* Source material
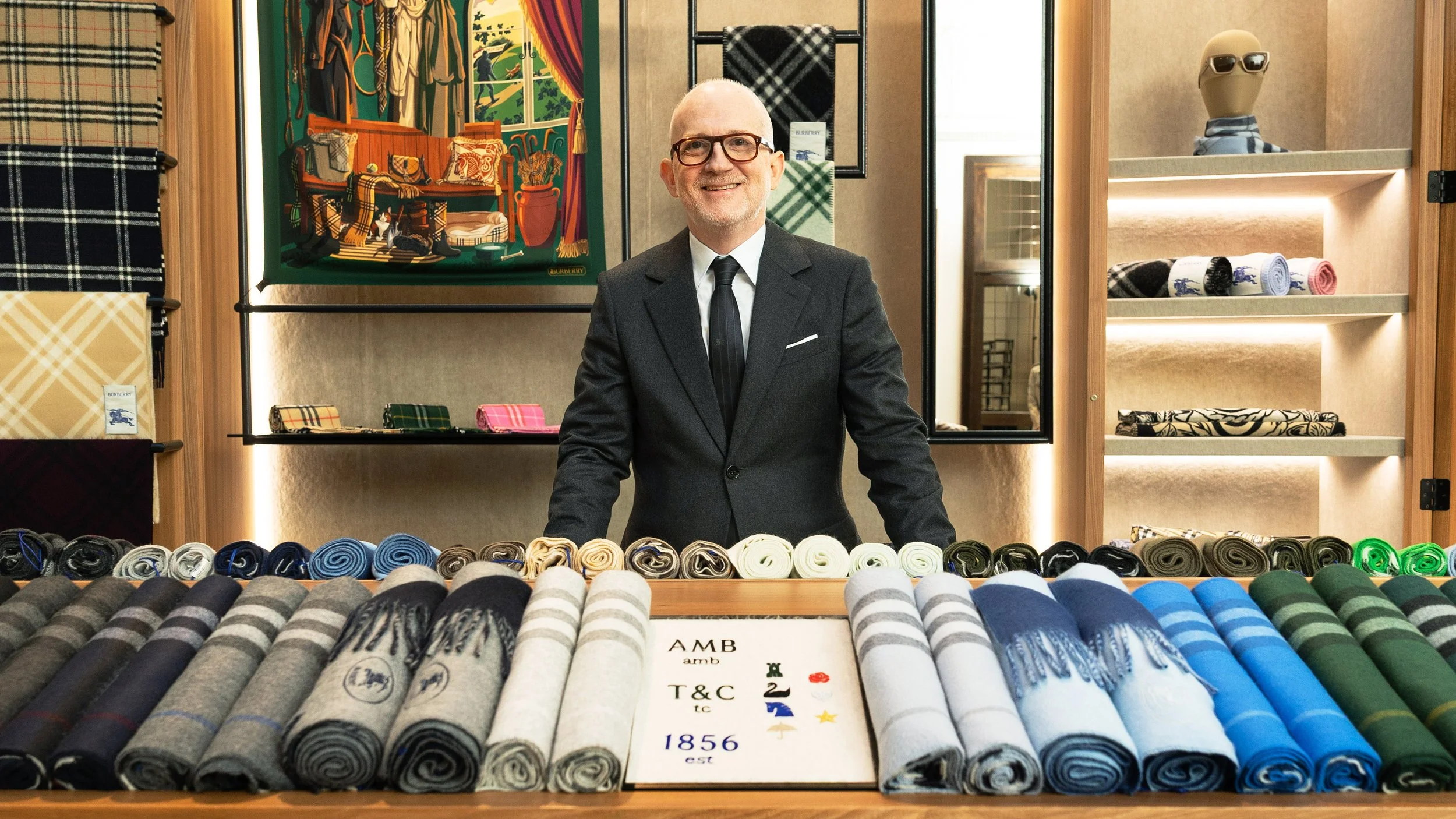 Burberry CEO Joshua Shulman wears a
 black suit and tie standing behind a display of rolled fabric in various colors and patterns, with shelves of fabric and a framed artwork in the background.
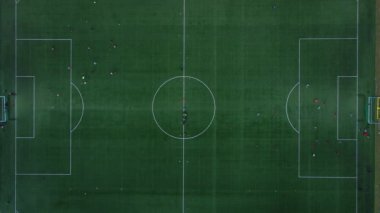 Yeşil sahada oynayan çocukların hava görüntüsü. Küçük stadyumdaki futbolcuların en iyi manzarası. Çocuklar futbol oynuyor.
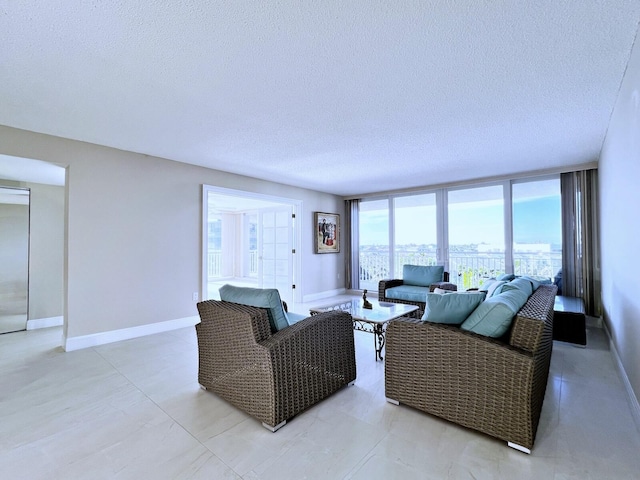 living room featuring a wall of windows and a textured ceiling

* Exercise objective
Down to the last line, print the material exactly, but not its pictures.

* The answer
 Burberry CEO Joshua Shulman wears a
 black suit and tie standing behind a display of rolled fabric in various colors and patterns, with shelves of fabric and a framed artwork in the background.
 Yeşil sahada oynayan çocukların hava görüntüsü. Küçük stadyumdaki futbolcuların en iyi manzarası. Çocuklar futbol oynuyor.
 living room featuring a wall of windows and a textured ceiling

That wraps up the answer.